6. The insurer shall procure a New Jersey Certificate of Authority by establishing compliance with the applicable requirements of 17:17-1 et seq. and shall successfully complete an admissions process which shall include a detailed review by the Commissioner of the business affairs and financial condition of the applicant as provided by this subchapter.
(b) An applicant company intending to make a formal application for admission shall first submit a letter of intent which shall consist of the preliminary information set forth in 11:1-10.5.

Notes

N.J. Admin. Code § 11:1-10.4
Amended by R.1995 d.347, effective 7/3/1995.
See: 27 N.J.R. 1737(a), 27 N.J.R. 2582(b).
Added (a)5iii(6).
Amended by R.2001 d.75, effective 3/5/2001.
See: 32 N.J.R. 4184(a), 33 N.J.R. 794(a).
Amended by R.2001 d.99, effective 3/19/2001.
See: 32 N.J.R. 4194(a), 33 N.J.R. 1004(a).
Rewrote (a).
Amended by R.2003 d.209, effective 5/19/2003.
See: 35 N.J.R. 66(a), 35 N.J.R. 2182(a).
In (a), deleted 5ii(3); in 5iii(2), substituted "three" for "two".
Amended by R.2012 d.126, effective 7/2/2012.
See: 44 N.J.R. 959(a), 44 N.J.R. 1900(a).

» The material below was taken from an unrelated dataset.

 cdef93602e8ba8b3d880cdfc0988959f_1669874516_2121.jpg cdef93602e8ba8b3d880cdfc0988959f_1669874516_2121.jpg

In (a)5i, substituted "three" for "five"; in (a)5ii(1), substituted "either any two of the last three years or the most recent year" for "any three of the last five years, including therein either of the two most current years of business operations"; in (a)5ii(2), substituted "three-" for "five"; in the introductory paragraph of (a)5iii, substituted "case-by-case basis, waive the three-year" for "case by case basis, waive, in the case of (a)5iii(1), (2), (3), (5) and (6) below, or reduce, in the case of (a)5iii(4) below, the five year"; in (a)5iii(1), substituted "three" for "five" twice; in (a)5iii(2), substituted "three years" for "five years" twice; in (a)5iii(3), substituted "three" for "five"; deleted former (a)5iii(4); recodified former (a)5iii(5) and (a)5iii(6) as (a)5iii(4) and (a)5iii(5); rewrote (a)5iii(4); in the introductory paragraph of (a)5iii(5), substituted "three-" for "five"; in (a)5iii(5)(C), substituted "; or" for a period at the end; and added new (a)5iii(6).